Data:
<<<<
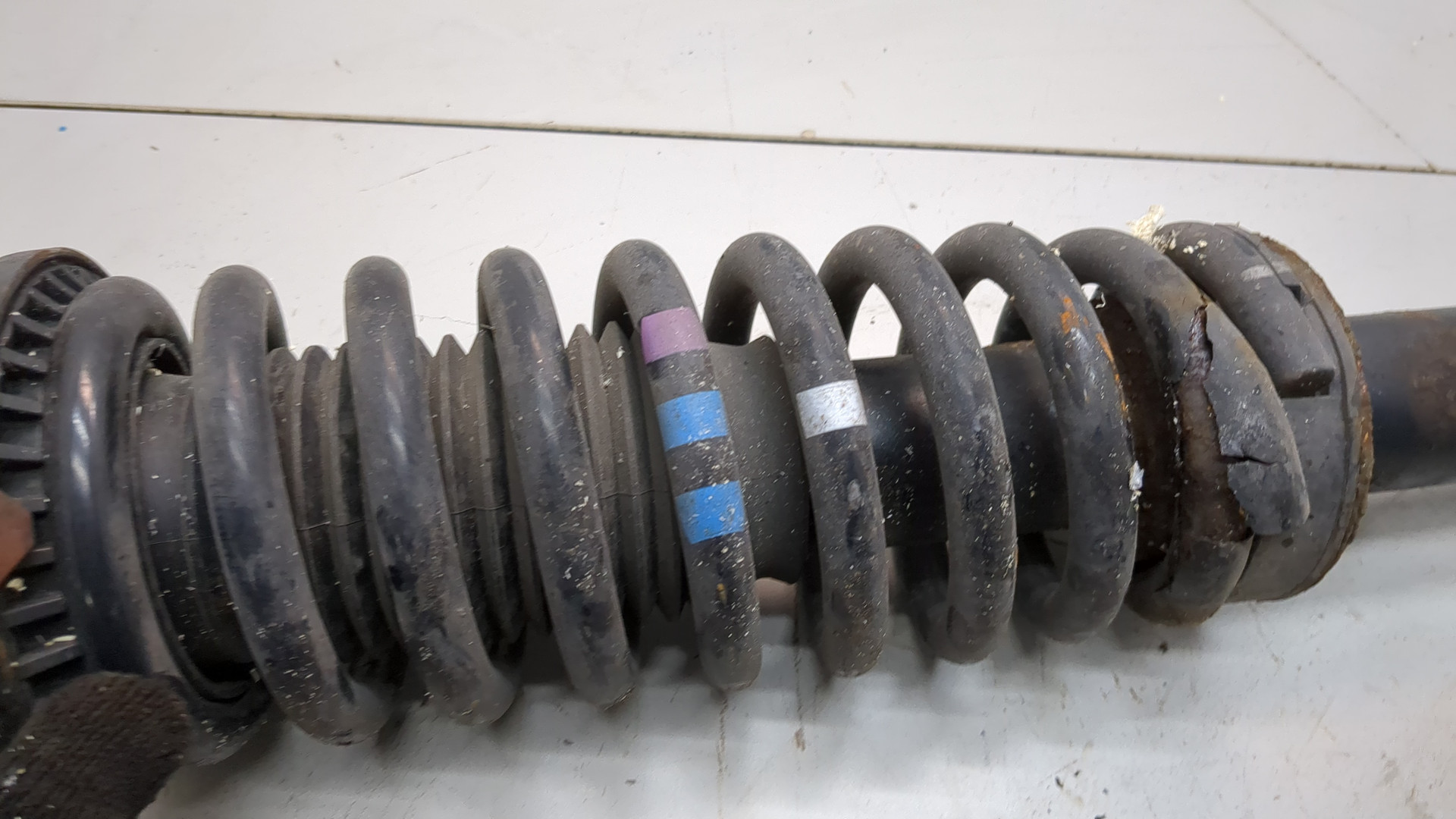 Амортизатор передний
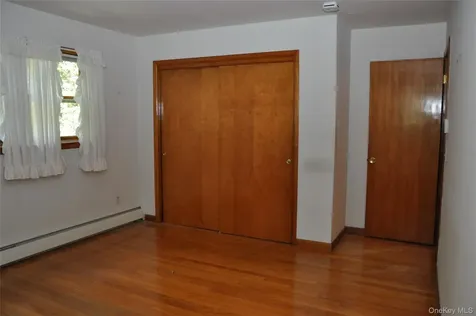 32 Fuller Lane Hyde Park NY 12538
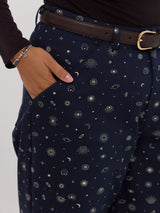 Celestial print utility pants for curvy bodies. Made in canada organic cotton twill pants. moon and star print pants.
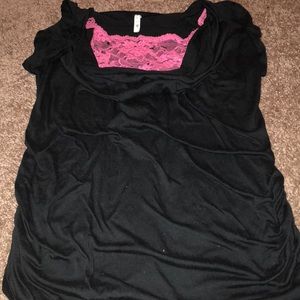 Scoop neck, lace bra short sleeve tee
>>>>
What is required: What you return must match the material above exactly, apart from its pictures.

Output of the task:
 Амортизатор передний
 32 Fuller Lane Hyde Park NY 12538
 Celestial print utility pants for curvy bodies. Made in canada organic cotton twill pants. moon and star print pants.
 Scoop neck, lace bra short sleeve tee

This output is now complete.